官方文档: https://spark.apache.org/docs/latest/streaming-kafka-0-10-integration.html

1)添加依赖

<dependencies>

    <dependency>

        <groupId>org.apache.spark</groupId>

        <artifactId>spark-streaming_2.12</artifactId>

        <version>3.3.1</version>

    </dependency>

    <dependency>

        <groupId>org.apache.spark</groupId>

        <artifactId>spark-core_2.12</artifactId>

        <version>3.3.1</version>

</dependency>

<dependency>

    <groupId>org.apache.spark</groupId>

    <artifactId>spark-streaming-kafka-0-10_2.12</artifactId>

    <version>3.3.1</version>

 </dependency>

</dependencies>

2)编写代码

package com.atguigu;

import org.apache.kafka.clients.consumer.ConsumerConfig;

import org.apache.kafka.clients.consumer.ConsumerRecord;

import org.apache.spark.api.java.function.Function;

import org.apache.spark.streaming.Duration;

import org.apache.spark.streaming.api.java.JavaInputDStream;

import org.apache.spark.streaming.api.java.JavaStreamingContext;

import org.apache.spark.streaming.kafka010.ConsumerStrategies;

import org.apache.spark.streaming.kafka010.KafkaUtils;

import org.apache.spark.streaming.kafka010.LocationStrategies;

import java.util.ArrayList;

import java.util.HashMap;

public class Test01_HelloWorld {

    public static void main(String[] args) throws InterruptedException {

        // 创建流环境

        JavaStreamingContext javaStreamingContext = new JavaStreamingContext("local[*]", "HelloWorld", Duration.apply(3000));

        // 创建配置参数

        HashMap<String, Object> map = new HashMap<>();

        map.put(ConsumerConfig.BOOTSTRAP_SERVERS_CONFIG,"hadoop102:9092,hadoop103:9092,hadoop104:9092");

        map.put(ConsumerConfig.KEY_DESERIALIZER_CLASS_CONFIG, "org.apache.kafka.common.serialization.StringDeserializer");

        map.put(ConsumerConfig.VALUE_DESERIALIZER_CLASS_CONFIG, "org.apache.kafka.common.serialization.StringDeserializer");

        map.put(ConsumerConfig.GROUP_ID_CONFIG,"atguigu");

        map.put(ConsumerConfig.AUTO_OFFSET_RESET_CONFIG,"latest");

        // 需要消费的主题

        ArrayList<String> strings = new ArrayList<>();

        strings.add("topic_db");

        JavaInputDStream<ConsumerRecord<String, String>> directStream = KafkaUtils.createDirectStream(javaStreamingContext, LocationStrategies.PreferBrokers(), ConsumerStrategies.<String, String>Subscribe(strings,map));

        directStream.map(new Function<ConsumerRecord<String, String>, String>() {

            @Override

            public String call(ConsumerRecord<String, String> v1) throws Exception {

                return v1.value();

            }

        }).print(100);

        // 执行流的任务

        javaStreamingContext.start();

        javaStreamingContext.awaitTermination();

    }

}

3)更改日志打印级别

        如果不希望运行时打印大量日志,可以在resources文件夹中添加log4j2.properties文件,并添加日志配置信息

# Set everything to be logged to the console

rootLogger.level = ERROR

rootLogger.appenderRef.stdout.ref = console

# In the pattern layout configuration below, we specify an explicit `%ex` conversion

# pattern for logging Throwables.
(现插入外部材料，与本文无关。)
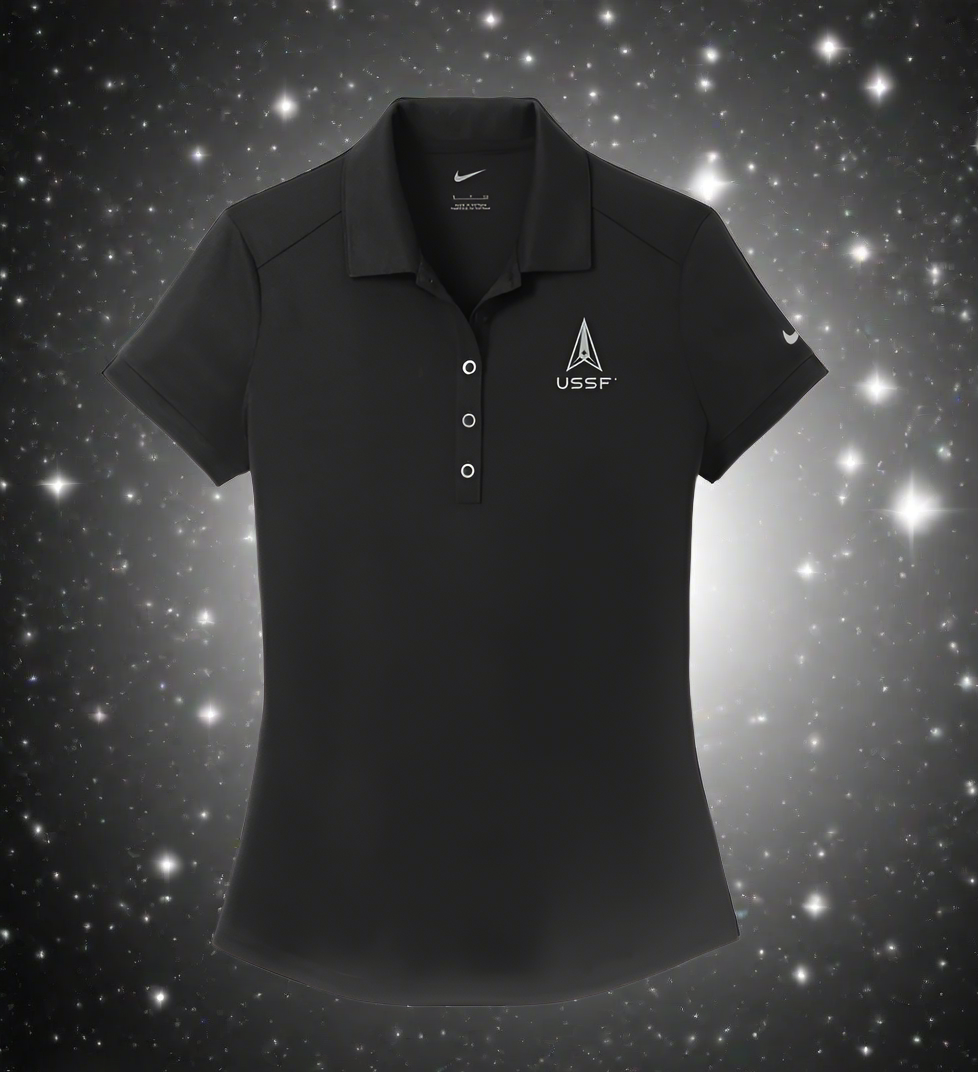 Women's Dri-FIT Players Modern Fit Polo - Embroidered USSF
If this was omitted, then (by default) Log4J would

# implicitly add an `%xEx` conversion pattern which logs stacktraces with additional

# class packaging information. That extra information can sometimes add a substantial

# performance overhead, so we disable it in our default logging config.
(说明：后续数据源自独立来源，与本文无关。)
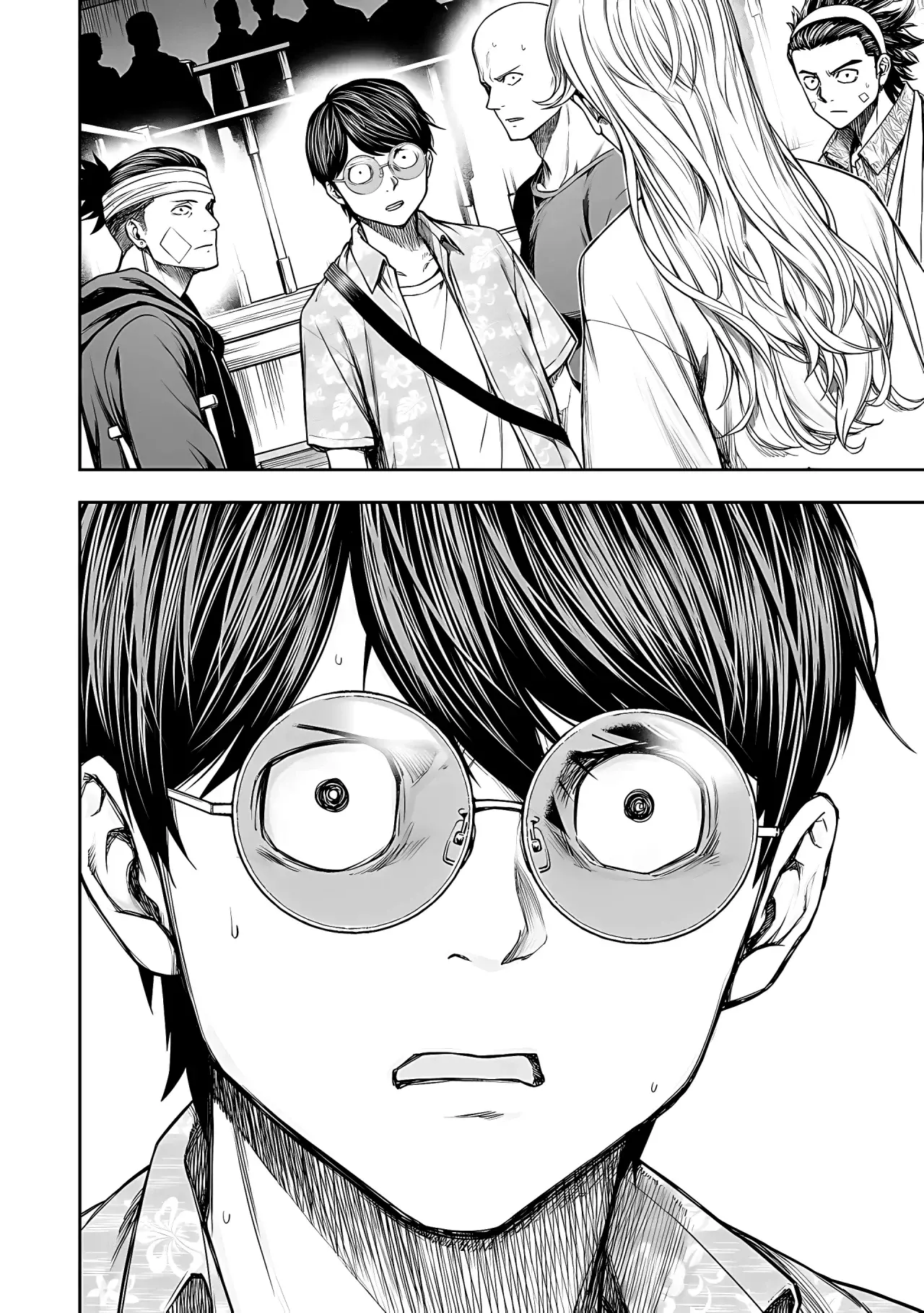 Read TSUYOSHI es Manga Online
# For more information, see SPARK-39361.

appender.console.type = Console

appender.console.name = console

appender.console.target = SYSTEM_ERR

appender.console.layout.type = PatternLayout

appender.console.layout.pattern = %d{yy/MM/dd HH:mm:ss} %p %c{1}: %m%n%ex

# Set the default spark-shell/spark-sql log level to WARN. When running the

# spark-shell/spark-sql, the log level for these classes is used to overwrite

# the root logger's log level, so that the user can have different defaults

# for the shell and regular Spark apps.

logger.repl.name = org.apache.spark.repl.Main

logger.repl.level = warn

logger.thriftserver.name = org.apache.spark.sql.hive.thriftserver.SparkSQLCLIDriver

logger.thriftserver.level = warn

# Settings to quiet third party logs that are too verbose

logger.jetty1.name = org.sparkproject.jetty

logger.jetty1.level = warn

logger.jetty2.name = org.sparkproject.jetty.util.component.AbstractLifeCycle

logger.jetty2.level = error

logger.replexprTyper.name = org.apache.spark.repl.SparkIMain$exprTyper

logger.replexprTyper.level = info

logger.replSparkILoopInterpreter.name = org.apache.spark.repl.SparkILoop$SparkILoopInterpreter

logger.replSparkILoopInterpreter.level = info

logger.parquet1.name = org.apache.parquet

logger.parquet1.level = error

logger.parquet2.name = parquet

logger.parquet2.level = error

# SPARK-9183: Settings to avoid annoying messages when looking up nonexistent UDFs in SparkSQL with Hive support

logger.RetryingHMSHandler.name = org.apache.hadoop.hive.metastore.RetryingHMSHandler

logger.RetryingHMSHandler.level = fatal

logger.FunctionRegistry.name = org.apache.hadoop.hive.ql.exec.FunctionRegistry

logger.FunctionRegistry.level = error

# For deploying Spark ThriftServer

# SPARK-34128: Suppress undesirable TTransportException warnings involved in THRIFT-4805

appender.console.filter.1.type = RegexFilter

appender.console.filter.1.regex = .*Thrift error occurred during processing of message.*

appender.console.filter.1.onMatch = deny appender.console.filter.1.onMismatch = neutral

4)启动生产者生产数据

[atguigu@hadoop102 ~]$ kafka-console-producer.sh --broker-list hadoop102:9092 --topic topicA

hello spark

5)在Idea控制台输出如下内容

-------------------------------------------

Time: 1602731772000 ms

-------------------------------------------

hello spark

2.3 HelloWorld解析

DStream是Spark Streaming的基础抽象,代表持续性的数据流和经过各种Spark算子操作后的结果数据流。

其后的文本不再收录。